Wat is hier nu voor het Humanistisch Verbond belangrijk aan? Het is goed om in samenspraak met de ideeën van Benhabib een flexibele opvatting van cultuur en culturele identiteit te hanteren. Sociale waarden vanuit levensbeschouwing, cultuur en opvoeding betekent dan dat je bekend raakt met je eigen cultuur maar ook dat we cultuur gaan begrijpen als iets dat in beweging is, interne conflicten toont en geen vaste, starre grenzen heeft. Vervolgens zouden individuen in staat moeten worden gesteld zich vrijelijk te bewegen en op onderzoek uit te gaan, uiteraard met inachtneming van kosmopolitische waarden. Dit geldt zowel voor Nederlanders binnen de Nederlandse cultuur als voor niet-Nederlanders die hun eigen cultuur meebrengen.

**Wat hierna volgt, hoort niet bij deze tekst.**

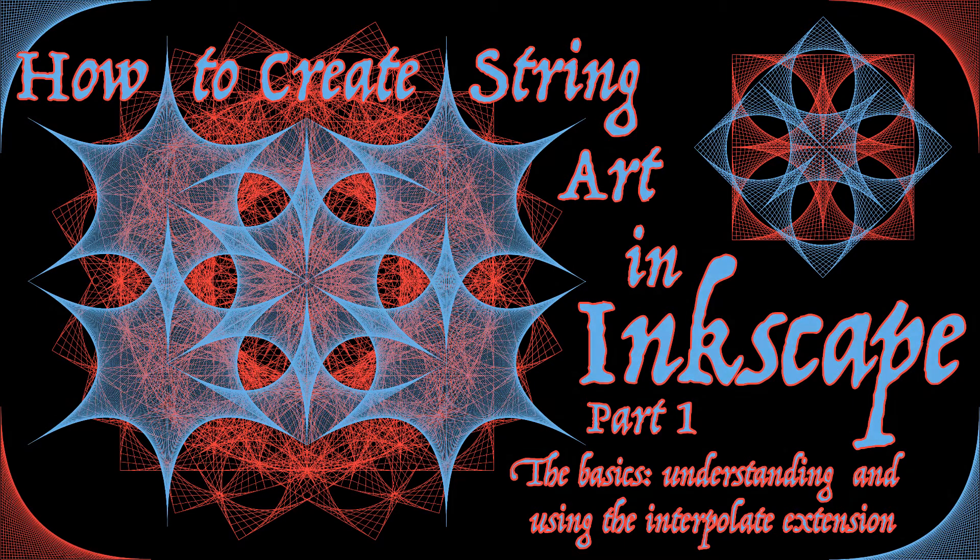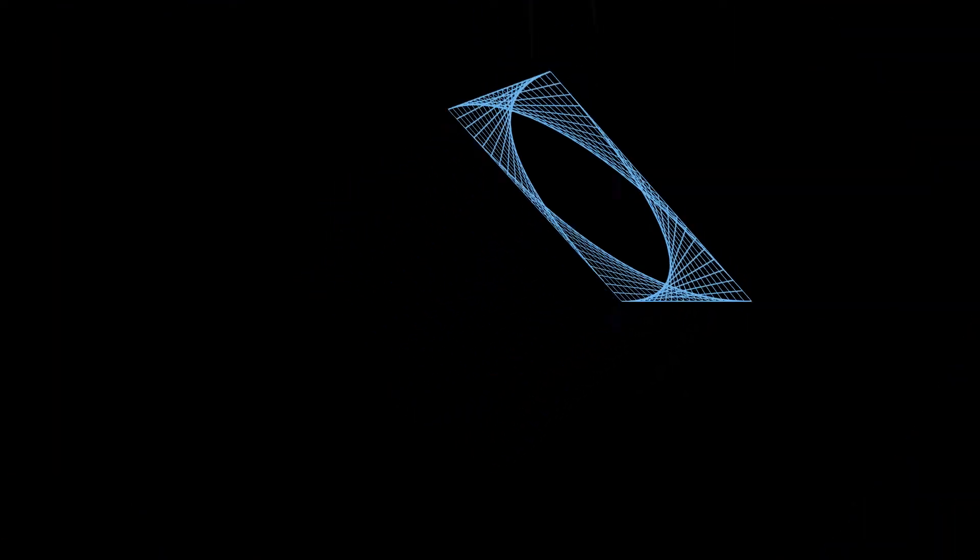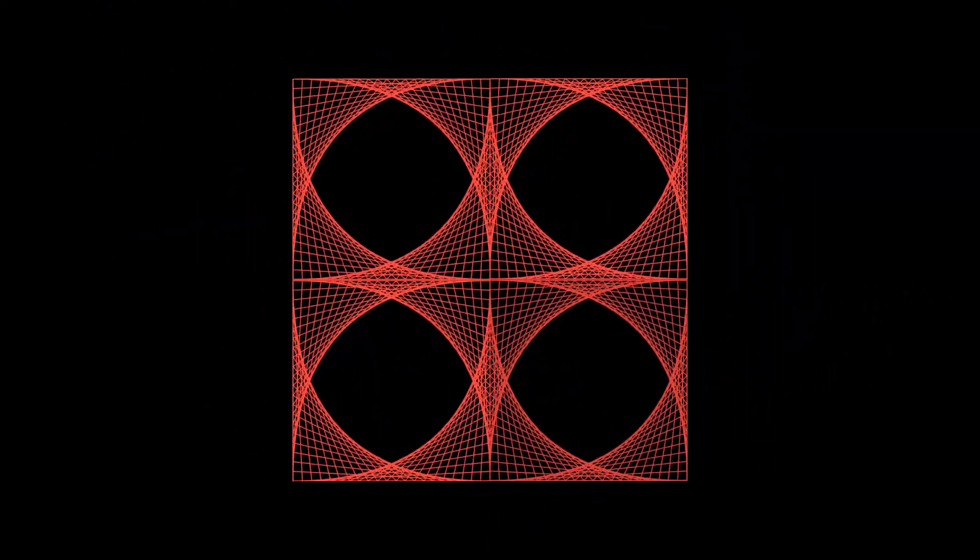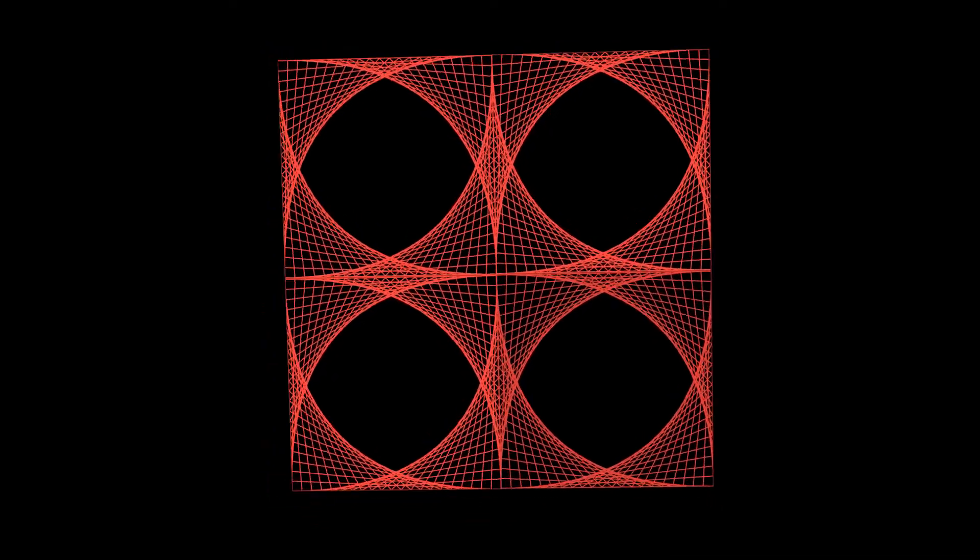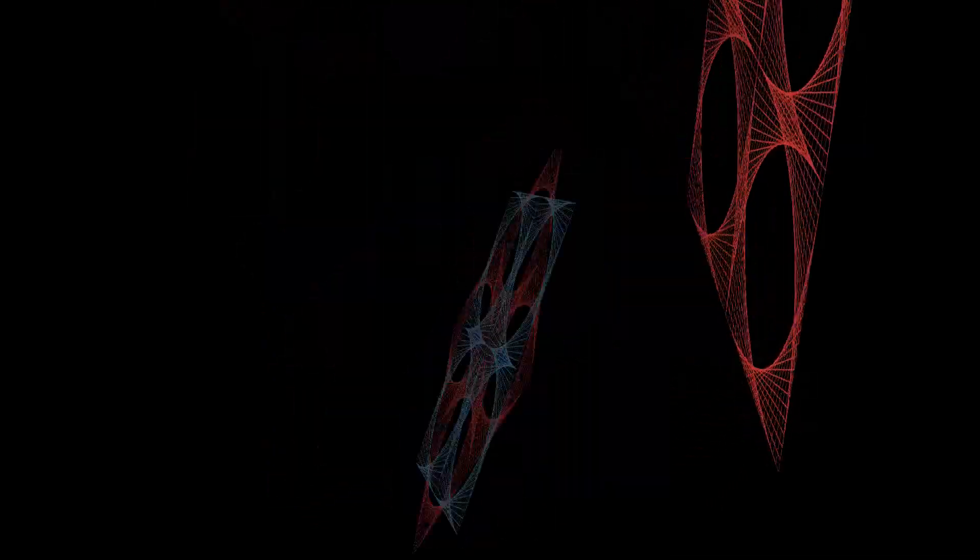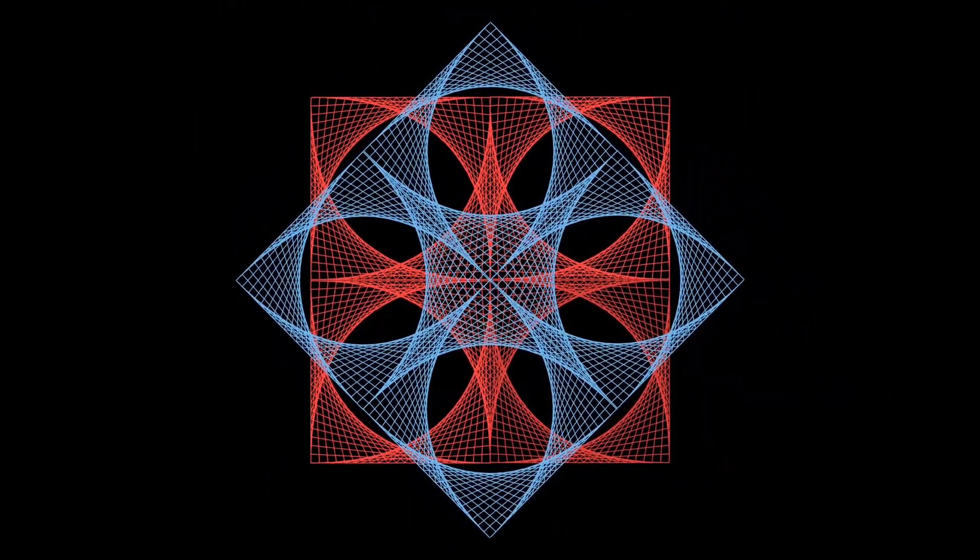Hi, Mr Cosi here. In this video we'll create curve stitching patterns. Sometimes they're called string art, that goes away back to the 1970s and in mathematics they're called envelopes of curves. I'm going to use an extension in Inkscape called interpolate as a basis for creating these patterns.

Benhabib is vooral interessant omdat ze de dialoog in een samenleving belangrijk vindt maar hierbij wel aanmerkt dat `menswaardigheid' en respect voor de persoon altijd voorwaarden zijn. Er zijn met andere woorden bepaalde ethische uitgangspunten die we als kosmopolitisch omschrijven en die dus volgens Benhabib overal zouden moeten gelden. Denk hierbij aan mensenrechten, de gelijkwaardigheid van man en vrouw en de bescherming van kinderen. Maar hoe deze waarden precies uitpakken kan alleen vastgesteld worden door met elkaar in overleg te gaan. Een dialoog waarbij iedereen die betrokken is kan participeren (Benhabib noemt dit `deliberatieve democratie', ze laat zich - voor de geïnteresseerden onder u - vooral door Habermas in combinatie met feministische auteurs inspireren). Benhabib laat ook zien dat de zorgen over de overdracht van waarden en cultuur niet uit de lucht komen vallen. Deze zorgen kunnen bekeken worden in relatie tot het proces van mondialisering en antimondialisering, ofwel, grensvervaging en het belangrijker worden van culturele grenzen, met alle positieve en negatieve consequenties van dien. In deze context zal het humanisme evenals Benhabib een evenwicht moeten vinden tussen de wens om je culturele identiteit te waarderen maar gelijktijdig het individu de ruimte te laten op onderzoek te gaan, los van een groepsidentiteit en los van mensen die beweren namens een groep te spreken. Met een beetje fantasie kun je dit vertalen naar zelf denken samen leven.